Seven Myanmar soldiers have been sentenced to jail for killing villagers during an interrogation, the military said, a rare ruling in a country where the army has long operated with impunity.
The army controlled Myanmar for half a century in a brutal reign rife with rights abuses, including allegations of torture, rape and recruiting child soldiers.
Although it has loosened its grip since ceding power to a quasi-civilian government in 2011, the army seldom admits to misconduct among its troops.
The sentencing handed out by a military court on Thursday suggests the Tatmadaw, as it is known, is looking to revamp its image as the country hurtles toward democracy and opens up to the West.
“Seven Myanmar army soldiers are sentenced to five years for killing local people in Mong Yaw village in Lashio township, Shan State,” the military said in statement on Facebook. “They all have to be sentenced to five years with hard labour in country side prison.”
The five villagers were killed in June after skirmishes between ethnic rebels and soldiers around Mong Yaw in northeastern Shan State – one of many regions riven by decades-long insurgencies.
Locals accused the officers of murder after their bodies were found buried in shallow graves several days later.
The military said that four of the jailed were officers.
The country’s new civilian leader, democracy activist Aung San Suu Kyi, has made ending the ethnic warfare a top priority since her party took power in March following landmark polls.
But bringing peace to the country’s borderlands will ultimately depend on the military, a powerful player that still controls key government bodies.
On Wednesday, US President Barack Obama vowed to lift decades-old sanctions, imposed when the former military junta was in power, during a visit by Suu Kyi to the White House.
While details are still unclear, the move will likely scrap the blacklist that bars Americans from doing business with more than 100 military leaders, their companies and so-called cronies.
Conglomerate Asia World, blacklisted for alleged ties to Myanmar’s military, welcomed Obama’s pledge to lift sanctions.
“AWC (Asia World Company) expects to see a stronger economic growth and foreign investments in Myanmar with the removal of the sanctions,” the company said by e-mail.
Activists have condemned the move however, saying it removes a key lever for applying pressure on the army.

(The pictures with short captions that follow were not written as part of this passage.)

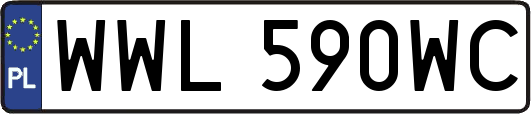 WWL590WC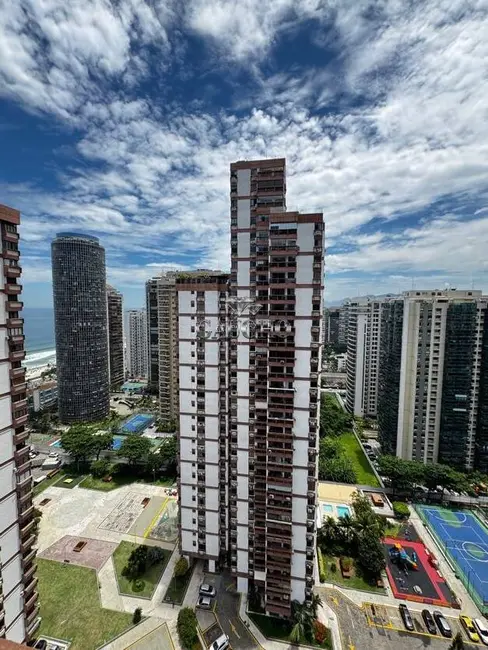 Apartamento com 1 quarto à venda, 71m2 em Barra da Tijuca, Rio De Janeiro - RJ - imagem 1 Foto 1 de Apartamento com 1 quarto à venda, 71m2 em Barra da Tijuca, Rio De Janeiro - RJ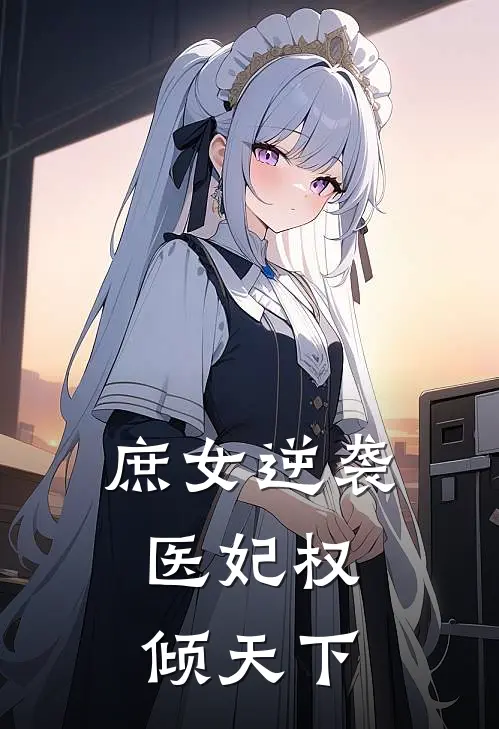 庶女逆袭，医妃权倾天下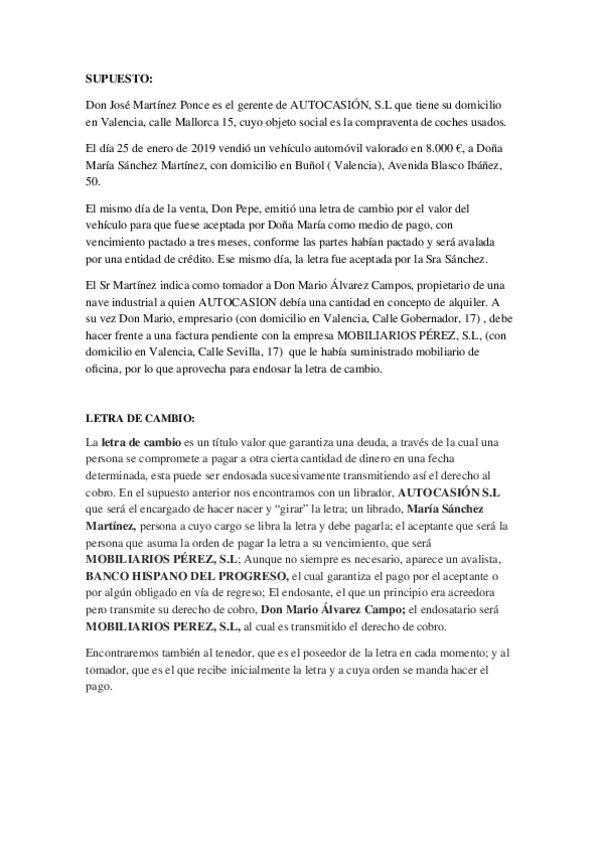 Miniatura del documento LETRA DE CAMBIO.docx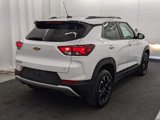 Used 2023 Chevrolet TrailBlazer LT image 2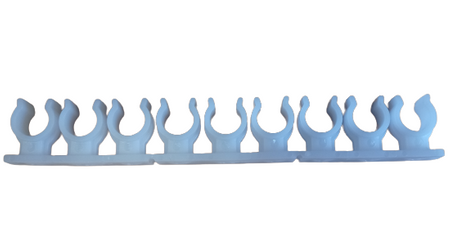 Mocowanie węża opryskiwacza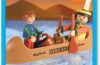 Playmobil - 9607-ant - Indian Canoe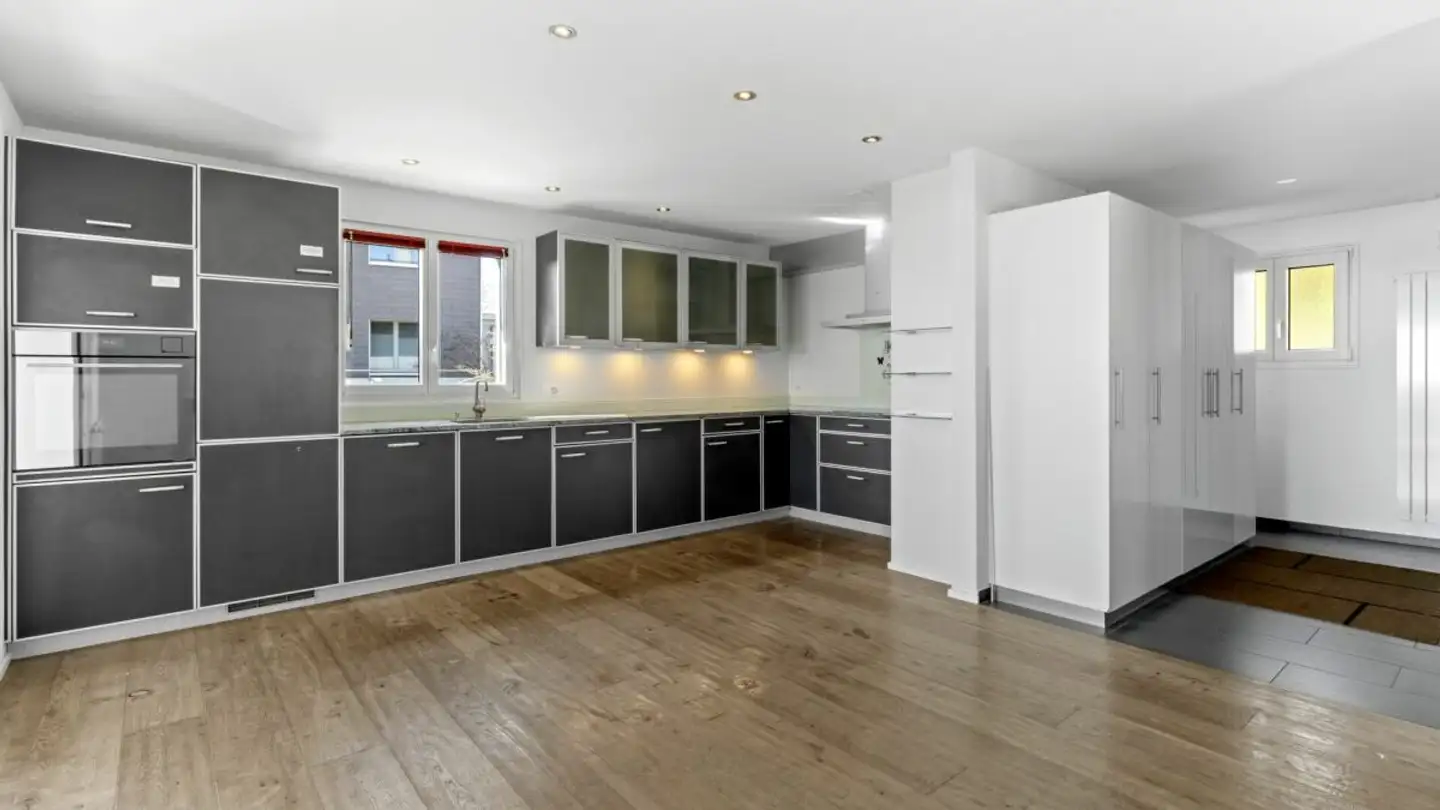 Maison individuelle à vendre - Dorfstrasse 6, 6344 Meierskappel - Photo 2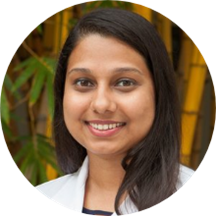 Dr. Anu Thekkumkattil, MD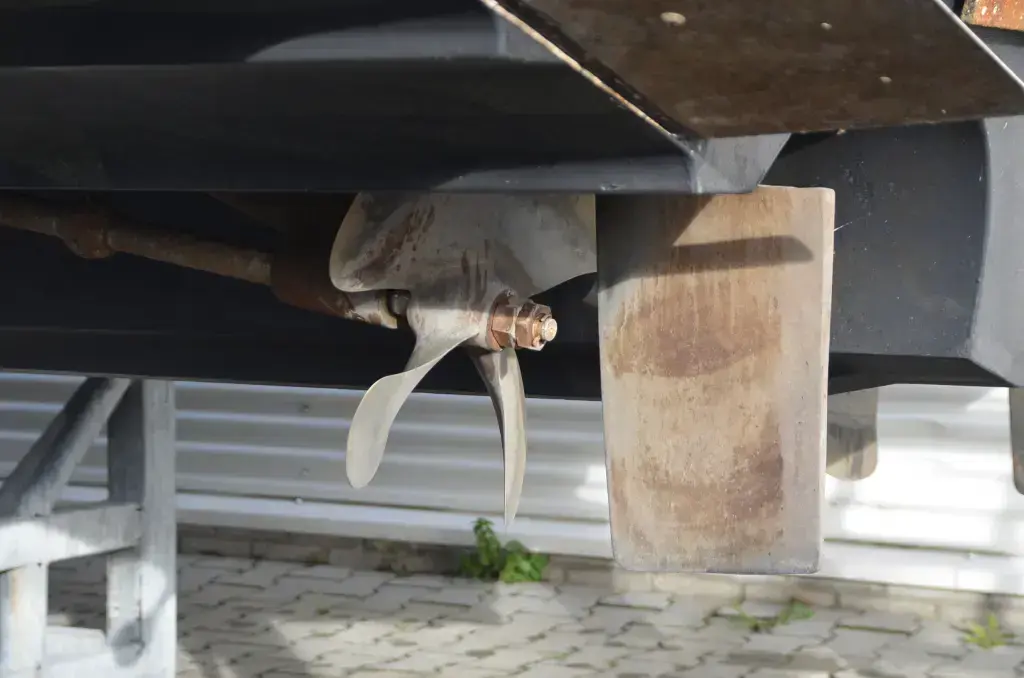 Thumbnail von Cruisers Yachts 330 Express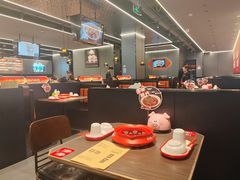 -胖哥俩肉蟹煲(石家庄长安万达店)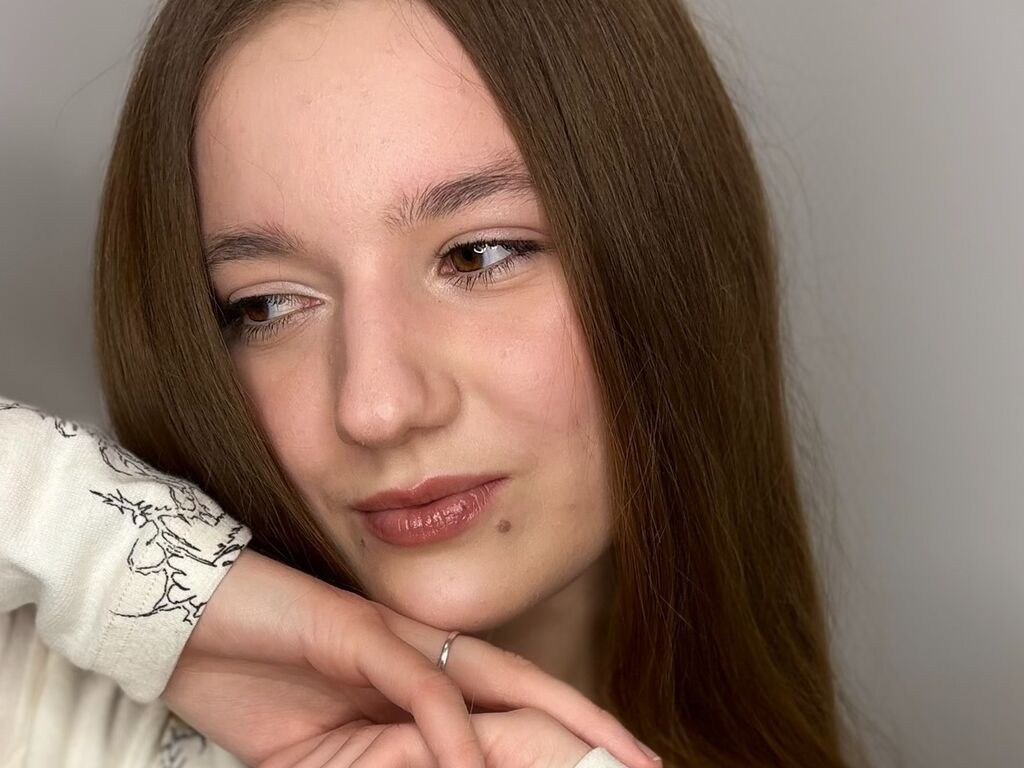 RenaGannon LiveJasmin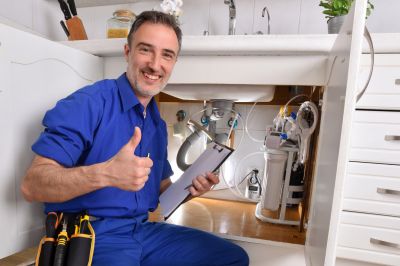Plumbing Service Image 4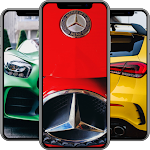 Cover Image of Herunterladen Mercedes Benz Wallpapers HD  APK
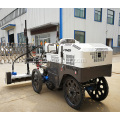 Ride-on Laser Guided Floor Leveling Machine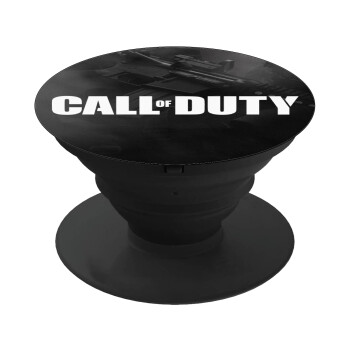 Call of Duty, Phone Holders Stand  Black Hand-held Mobile Phone Holder
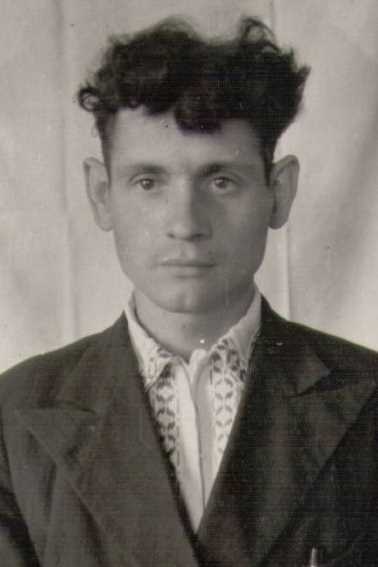 Степанов Геннадий Васильевич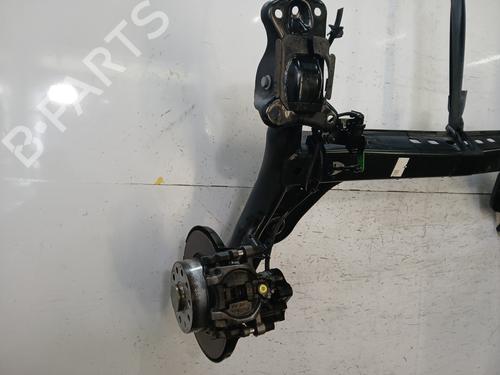 Rear axle AUDI Q2 (GAB, GAG) 30 TDI | BP33202070M2 - Image 2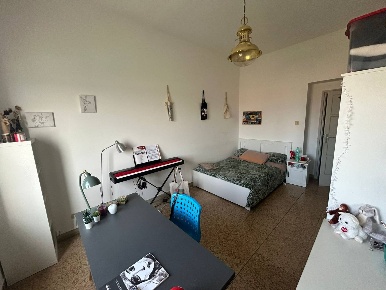 Foto Stanza in Lungarno Mediceo 1, Pisa San Francesco di 130 m² in affitto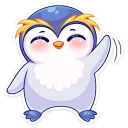 Юки :: @TgSticker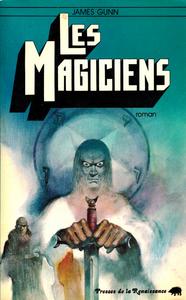 Les Magiciens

Last year the deaths of two ethnic Kachin teachers triggered public outrage, as activists accused soldiers of raping and murdering the pair in the village where they worked in Shan State.
No one has yet been charged with the killings.
Suu Kyi has urged businesses to invest in the Southeast Asian country as a way to advance its democratic transition.
Suu Kyi, speaking in Washington, said that economic development spurred by foreign investment was needed to show the impoverished nation of more than 50mn people that democracy could improve their livelihoods and promote further change.
“Economic success is one of the ways that we can persuade everyone in our country, including the military, that democracy is the best way forward for our union,” Suu Kyi told a dinner of business officials, diplomats and government officials hosted by the US Asean Business Council.
“In order to make the political transition work, we have to have the economic expectations of our people fulfilled as well,” she added.
“In some ways it is a risk, it as much a political risk as an economic risk, because there are those who believe it is not yet time for us to remove the sanctions, but we think that it is time now for our people to depend on themselves, to go forward with the help of our friends,” Suu Kyi said of the decision.
Sanctions were imposed on the country, formerly known as Burma, in 1997 after decades under a military dictatorship that stifled dissent and showed little regard for human rights.